Firstly, no I’ve not been tested for any connective tissue disorders. It seems around here Doctors still don’t have open minds about CM. And because their MRIs don’t uphold what I’m dealing with they call it psychological. In My Opinon CCF does NOT have a Chiari Specialist that knows their behind from their own nose. Yes, they have a guy in the Loraine facility that they tout as a specialist. He is worse than the quacks at home that don’t acknowledge CM. JMHO

So the question - I’ve not researched this here or elsewhere before yesterday. For a few years now I’ve been fighting severely limiting back pain and stiffness perhaps topping what I call Chiari Neck. Multiple doctors over the last few years have resorted to new MRIs which show some arthritic changes but nothing to explain the degree of muscle tightness. As we all unfortunately know finding answers is perhaps worse than the malformation at times.
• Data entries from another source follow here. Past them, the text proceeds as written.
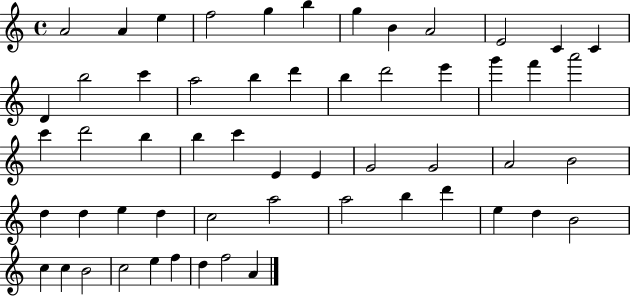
X:1
T:Untitled
M:4/4
L:1/4
K:C
A2 A e f2 g b g B A2 E2 C C D b2 c' a2 b d' b d'2 e' g' f' a'2 c' d'2 b b c' E E G2 G2 A2 B2 d d e d c2 a2 a2 b d' e d B2 c c B2 c2 e f d f2 A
The result of quacks not being able to find their answer in multitudes of tests is nothing. So they keep transferring my case up the line. Yesterday I finally made the drive back to CCF but not for Chiari. I’d not even thought of CM being the cause so I didn’t look. I have other medical issues that I’d assumed to be the culprit until yesterday. Namely a sizable posterior fossa arachnoid cyst that has been found to be partially communicating. And thus fenestrated  twice now as it keeps resealing itself. It’s position complicates CM as it is attached to the rear of the cerebellum. Because of the location it can’t be removed and causes the same symptoms of CM plus occasional seizures. After yesterdays visit to the CCF pain clinic it dawned on me that this must be CM causing this??? Dr says no no it is caused psychologically due to stress. Eeehhh maybe but I don’t think so. Not saying my mind or PTSD symptoms are always under control but I just don’t see it in this case but I’ve been wrong before. Either way the recommendation it sounds like has been recommended also to treat Chiarians with back pain?

That said my question is out of curiosity - have any of you personally been prescribed Ketamine infusions? And if so did they actually make any difference in muscle tightness and pain?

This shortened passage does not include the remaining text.